* PROBLEM DESCRIPTION
The whole listing is to be restated word for word with no images.

* RECORDED DATA
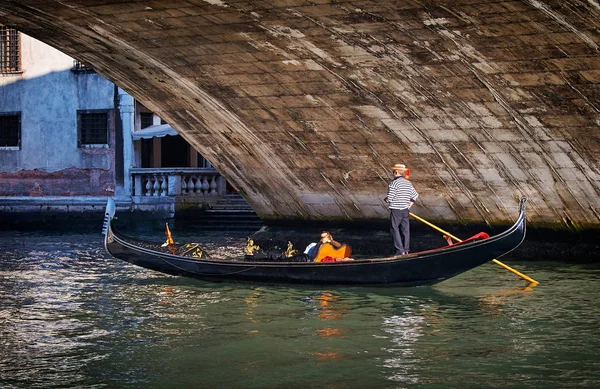 在威尼斯 意大利传统缆车 — 图库照片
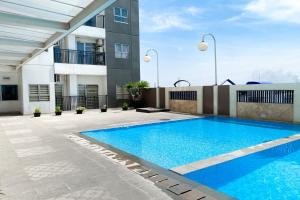een zwembad voor een gebouw bij OYO 93940 Apartemen Mekarwangi Square By Lina in Bandung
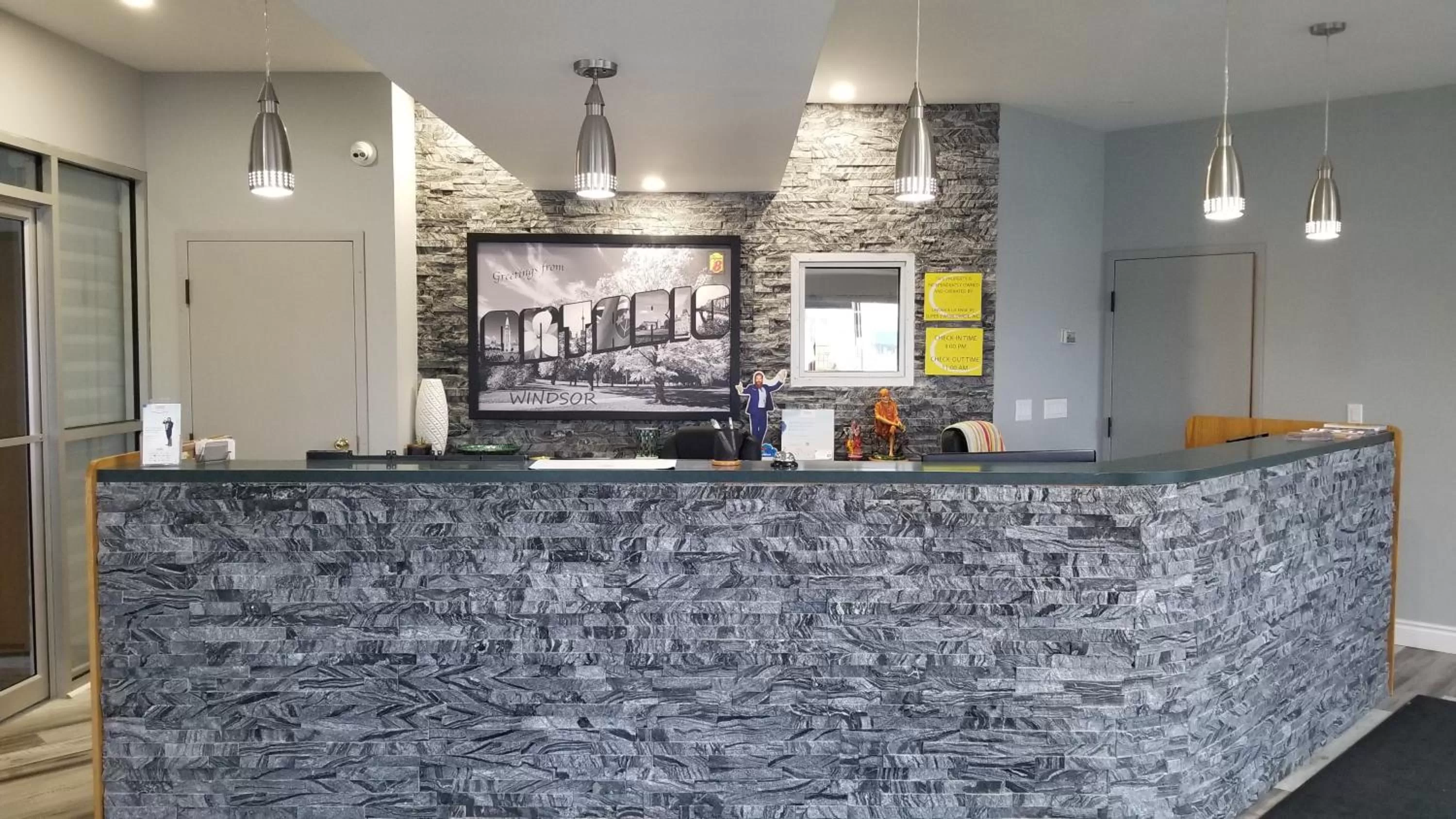 Lobby or reception in Super 8 by Wyndham Windsor/Dougall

* RESPONSE FOR THIS EXERCISE
 在威尼斯 意大利传统缆车 — 图库照片
een zwembad voor een gebouw bij OYO 93940 Apartemen Mekarwangi Square By Lina in Bandung
 Lobby or reception in Super 8 by Wyndham Windsor/Dougall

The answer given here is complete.